* [Exercise objective] All records must be restated word for word.

* [Data provided]
= Beginning of Section =
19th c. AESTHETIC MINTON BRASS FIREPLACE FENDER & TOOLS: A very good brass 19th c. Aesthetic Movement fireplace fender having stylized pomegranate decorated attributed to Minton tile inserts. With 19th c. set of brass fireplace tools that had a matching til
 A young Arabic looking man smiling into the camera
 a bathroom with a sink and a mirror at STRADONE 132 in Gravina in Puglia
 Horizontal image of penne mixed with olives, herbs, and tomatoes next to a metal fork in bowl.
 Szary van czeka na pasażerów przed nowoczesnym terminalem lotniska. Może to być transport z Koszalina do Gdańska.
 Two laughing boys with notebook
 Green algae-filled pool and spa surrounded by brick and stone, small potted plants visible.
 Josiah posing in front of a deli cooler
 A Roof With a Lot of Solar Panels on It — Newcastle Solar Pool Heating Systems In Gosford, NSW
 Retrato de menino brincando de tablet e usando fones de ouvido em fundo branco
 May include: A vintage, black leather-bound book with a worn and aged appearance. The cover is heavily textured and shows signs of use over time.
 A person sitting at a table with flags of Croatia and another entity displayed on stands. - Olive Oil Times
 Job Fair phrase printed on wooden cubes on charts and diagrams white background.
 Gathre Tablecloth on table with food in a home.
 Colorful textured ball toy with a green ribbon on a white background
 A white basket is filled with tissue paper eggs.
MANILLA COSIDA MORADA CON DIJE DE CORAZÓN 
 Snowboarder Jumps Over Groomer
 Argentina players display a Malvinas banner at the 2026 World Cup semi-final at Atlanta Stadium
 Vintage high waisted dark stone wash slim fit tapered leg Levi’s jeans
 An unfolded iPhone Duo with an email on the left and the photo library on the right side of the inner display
= End of Section =
* [Task response]
19th c. AESTHETIC MINTON BRASS FIREPLACE FENDER & TOOLS: A very good brass 19th c. Aesthetic Movement fireplace fender having stylized pomegranate decorated attributed to Minton tile inserts. With 19th c. set of brass fireplace tools that had a matching til
 A young Arabic looking man smiling into the camera
 a bathroom with a sink and a mirror at STRADONE 132 in Gravina in Puglia
 Horizontal image of penne mixed with olives, herbs, and tomatoes next to a metal fork in bowl.
 Szary van czeka na pasażerów przed nowoczesnym terminalem lotniska. Może to być transport z Koszalina do Gdańska.
 Two laughing boys with notebook
 Green algae-filled pool and spa surrounded by brick and stone, small potted plants visible.
 Josiah posing in front of a deli cooler
 A Roof With a Lot of Solar Panels on It — Newcastle Solar Pool Heating Systems In Gosford, NSW
 Retrato de menino brincando de tablet e usando fones de ouvido em fundo branco
 May include: A vintage, black leather-bound book with a worn and aged appearance. The cover is heavily textured and shows signs of use over time.
 A person sitting at a table with flags of Croatia and another entity displayed on stands. - Olive Oil Times
 Job Fair phrase printed on wooden cubes on charts and diagrams white background.
 Gathre Tablecloth on table with food in a home.
 Colorful textured ball toy with a green ribbon on a white background
 A white basket is filled with tissue paper eggs.
MANILLA COSIDA MORADA CON DIJE DE CORAZÓN 
 Snowboarder Jumps Over Groomer
 Argentina players display a Malvinas banner at the 2026 World Cup semi-final at Atlanta Stadium
 Vintage high waisted dark stone wash slim fit tapered leg Levi’s jeans
 An unfolded iPhone Duo with an email on the left and the photo library on the right side of the inner display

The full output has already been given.